Closed ASalihov closed 5 years ago
No immediate plans myself (I don't use Rider), but given that we have a ReSharper runner plugin - I wonder a) if that's compatible somehow or b) if it's easy to multi-target/port the ReSharper runner for Rider. Caveat here is that the ReSharper runner doesn't yet support .NET Core - see https://github.com/machine/machine.specifications.runner.resharper/issues/46
Had a quick look around and it looks like currently there is no SDK for building "backend" plugins (Resharper host runs in the backend since the frontend is JVM). Appears that this is tracked here: https://youtrack.jetbrains.com/issue/RIDER-7477 and it looks like we may be able to package the ReSharper plugin as a Rider plugin in the future.
Yep, there's no SDK just yet, but it's coming. Hopefully, it should Just Work after a recompile and repackaging. But unit testing support in Rider is complex, and we haven't tested extending it with a new plugin, so there's a chance of issues.
@citizenmatt Any news on that one? :)
Good news and bad news :) The good news is that there's an SDK available. The bad news is that it's completely undocumented and a bit of a manual process.
To build the "backend" plugin for the headless ReSharper process, you just need to create a new project, reference the JetBrains.Rider.SDK package and recompile. This will work for the majority of plugins, unless you're doing something interesting, such as UI, or extending a part of ReSharper that isn't yet supported in Rider.
But, Rider is an IntelliJ based IDE, so plugins need to be IntelliJ plugins. This means creating a .jar file (actually just a .zip file) which contains a manifest file with metadata, and also contains the .nupkg file that packages up the Rider version of the ReSharper extension.
It's also possible to add frontend code into this IntelliJ plugin (display dialogs, interact with IntelliJ extension points, etc.) or it can be completely empty.
Here's an example of a ReSharper plugin that's been ported to work with Rider. This section of build.ps1
will build the Rider compatible .nupkg, set up a directory structure and then it SHOULD zip up the files. Unfortunately, the .NET zip classes do something funky to the .zip file and IntelliJ can't read them. I have no idea what, so I just zip it manually. There are comments there about the directory structure you need (pay attention to this - this is easy to get wrong). And then you need to create a plugin.xml file that provides just enough metadata to display in the IntelliJ plugin preferences page.
You can test it by installing directly from disk in Rider's plugin pages, and once you're done, you can upload it to the JetBrains plugin repository - NOT the ReSharper plugin gallery.

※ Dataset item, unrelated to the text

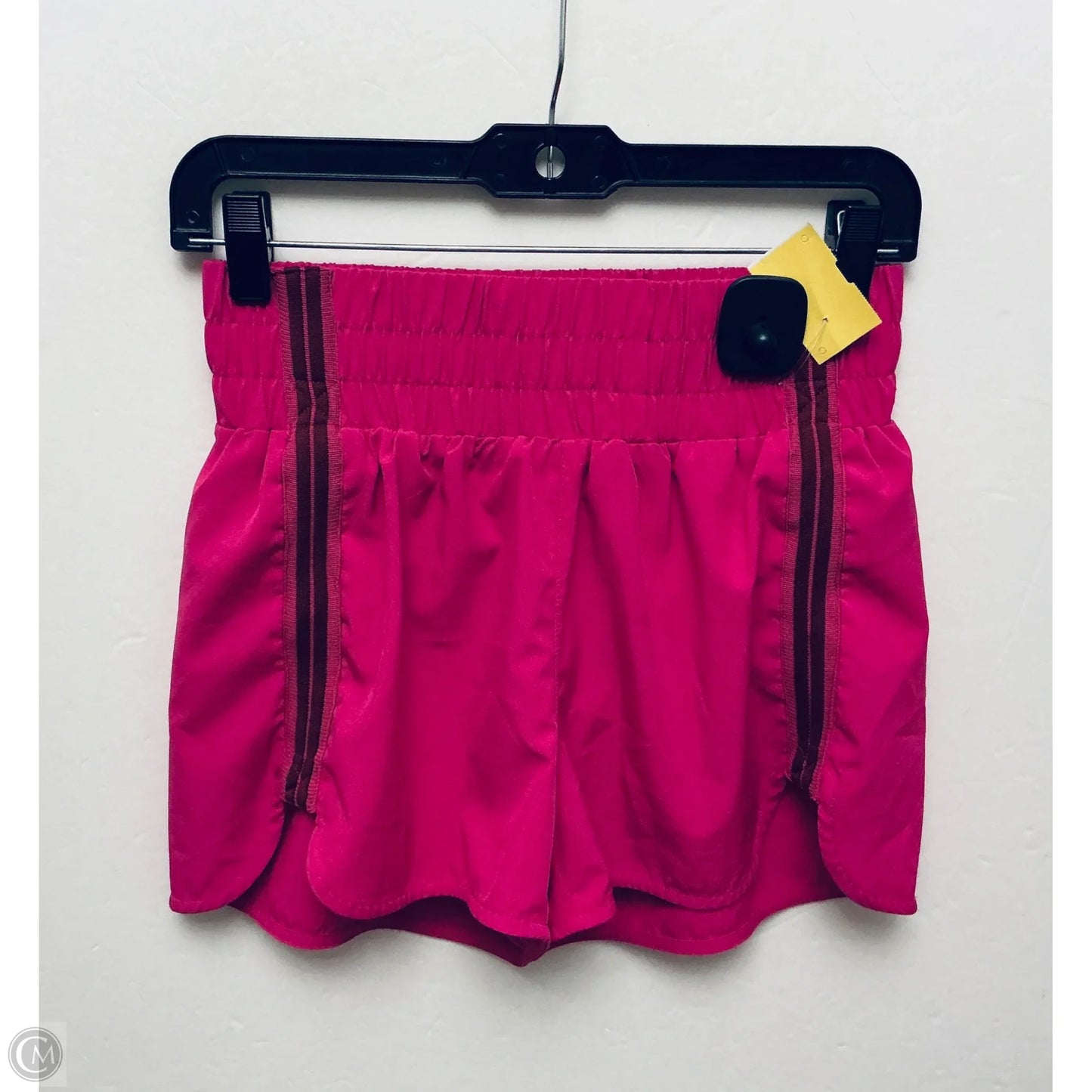 Athletic Shorts By Clothes Mentor In Pink, Size: S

(Note that you can automate things. This is probably best done using Gradle, and the gradle-intellij-plugin, which is a plugin to Gradle that tells it how to build IntelliJ plugins. This allows for building the .jar/.zip correctly and running a "sandbox" instance of Rider that only has your plugin installed. This is what we do with the Unity plugin, but because we automate more things than that, we end up with a build.gradle
(and associated frontend and backend files) that are more complicated than you'd need for a quick example).
How about using xunit to run mspec tests? Xunit v2 is quite extensible... IMO this would make maintenance much easier.
Instead of writing a new runner for Rider, this would require @citizenmatt to implement xunit v2 discovery in Resharper and Rider. See here.
It would also open up a lot of other new possibilities. Not related to mspec.
not sure what this is supposed to be
https://plugins.jetbrains.com/plugin/11006-machine-specifications-runner-for-rider
i have not been able to make this work, my copy of rider says it is not a recognised plugin
An official Rider plugin has been published to https://plugins.jetbrains.com/plugin/11528-machine-specifications-for-rider
Next step is to integrate it into our builds.
Do you have plans to develop test Runner for Rider IDE? This would be great!